Finally, an examination of Phillips’ process vis-á-vis Patent I-31138’s elements would show that the all elements test was not satisfied. The equivalents of all the elements in Patent I-31138 are not present in Phillips process. As mentioned, the four elements are: (a) burning of the smoking material at 250° to 400 °C; (b) filtering of the produced smoke to remove mainly tar; (c) cooling of the filtered smoke in a cooling unit to a temperature between 0° and 5°C while retaining ingredients exerting highly preservative and sterilizing effects; and (d) smoking of tuna meat by exposing it to the filtered smoke cooled to between 0° and 5°C. Unquestionably, the first two steps in Phillips’ process and the two elements in Claim 1 or Patent I-31138 are identical. As regards the last two elements, TPI’s evidence is insufficient to establish that the eventual cooling of the ambient temperature filtered smoke retained the ingredients which exert the same highly preservative and sterilizing effects.

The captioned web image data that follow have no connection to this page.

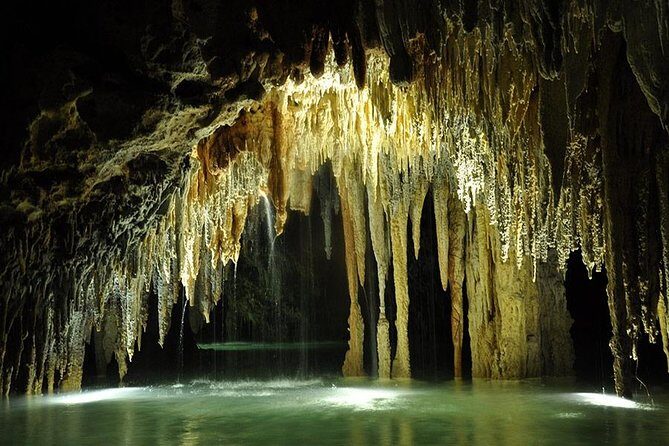 Rio Secreto Underground River Tour with Hotel Pick Up - Comfort & Safety Equipment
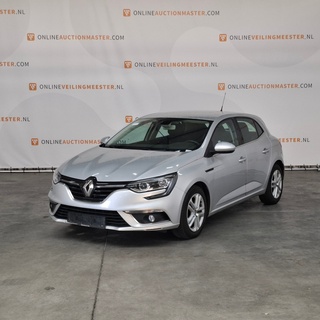 Personenauto, Renault, Megane, 2018
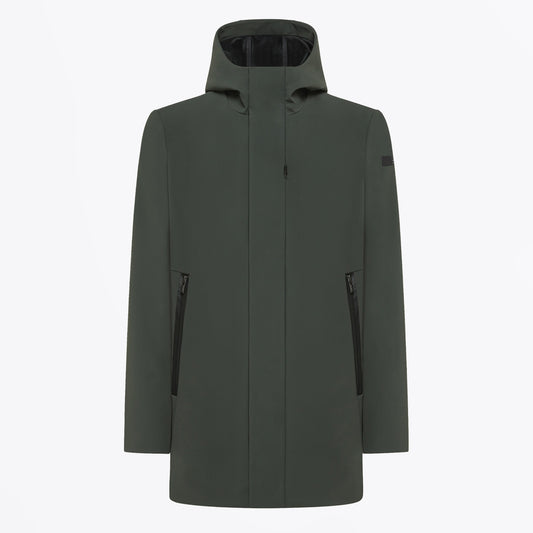 - Winter Thermo Jacket - Green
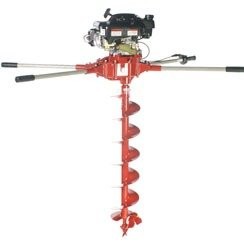General Equipment 2-Man Post Hole Auger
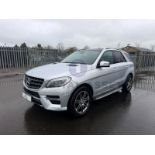 (On Sale) MERCEDES-BENZ ML 250 CDI *AMG LINE PREMIUM* 5 DOOR SUV (64 REG) 7G TRONIC AUTO *HUGE SPEC*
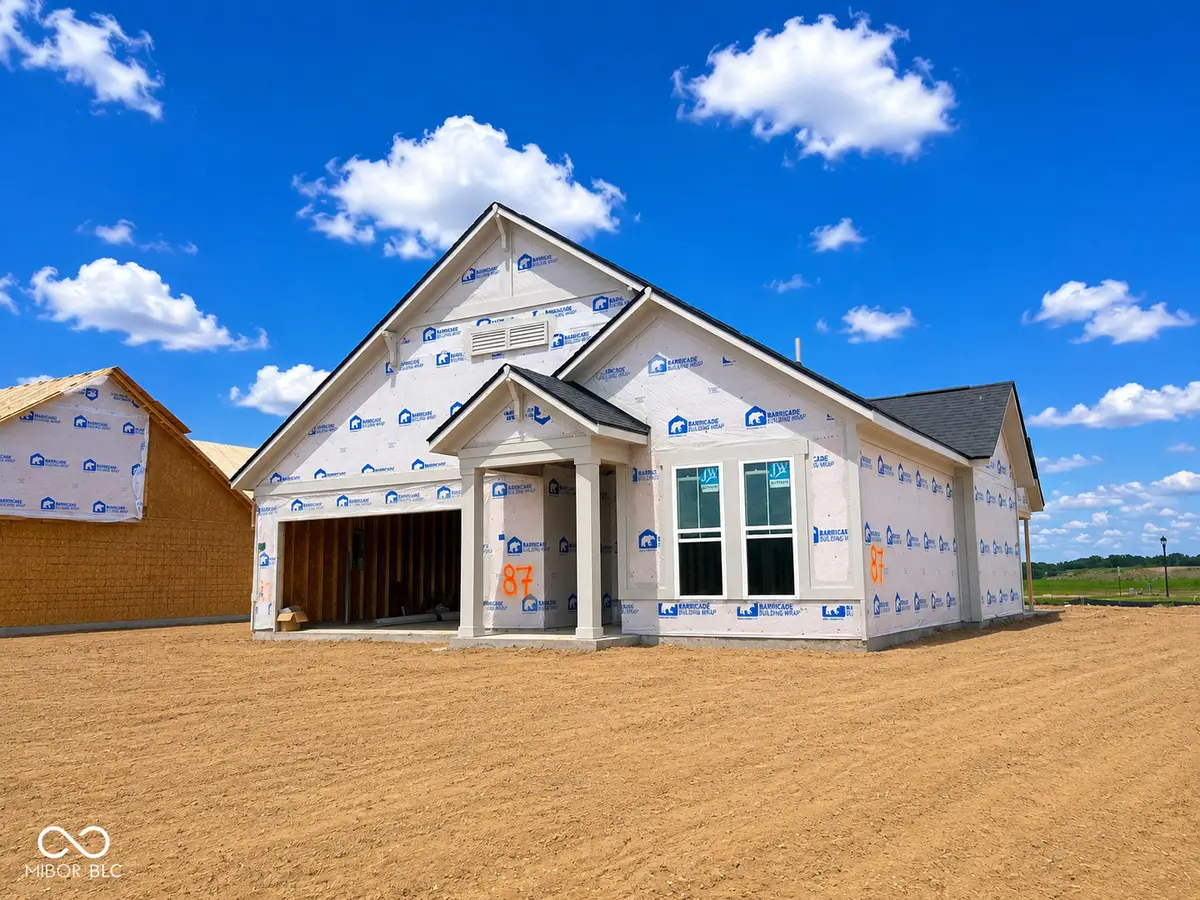 8811 Constitution Trail, Brownsburg, IN 46112 - #1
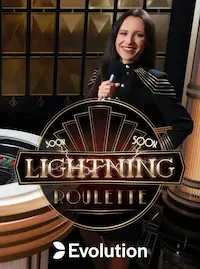 Lightning Roulette Lightning Roulette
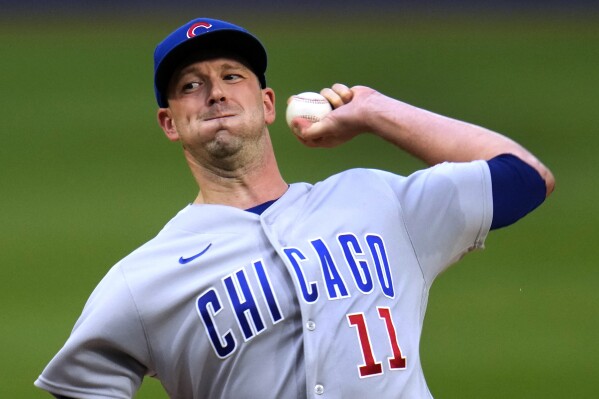 Surging Cubs race past reeling Pirates 8-0 to spoil touted prospect Henry  Davis' MLB debut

Similarly, there is no evidence proving that the ambient temperature filtered smoke cures the tuna meat in the same way as when the tuna meat is exposed to a filtered smoke already cooled to between 0° and 5°C. Thus, the last two elements of Patent I-31138 are not equivalent to the simultaneous cooling of the ambient temperature filtered smoke and tuna meat.

 

In all, TPI and its predecessors-in-interest failed to discharge their burden of proving that Phillips appropriated the innovative concept of Patent I-31138. The evidence on record is insufficient to establish that Phillips’ process cures the tuna meat in substantially the same way as Patent I-31138.

 

Source:

Phillips Seafood Philippines Corporation vs. Tuna Processors, Inc., G.R. No. 214148, February 6, 2023

 

Related Article/s:

Distinguishing Contract of Sale from Contract to Sell

 

Alburo Alburo and Associates Law Offices specializes in business law and labor law consulting. For inquiries regarding taxation and taxpayer’s remedies, you may reach us at info@alburolaw.com, or dial us at (02)7745-4391/0917-5772207.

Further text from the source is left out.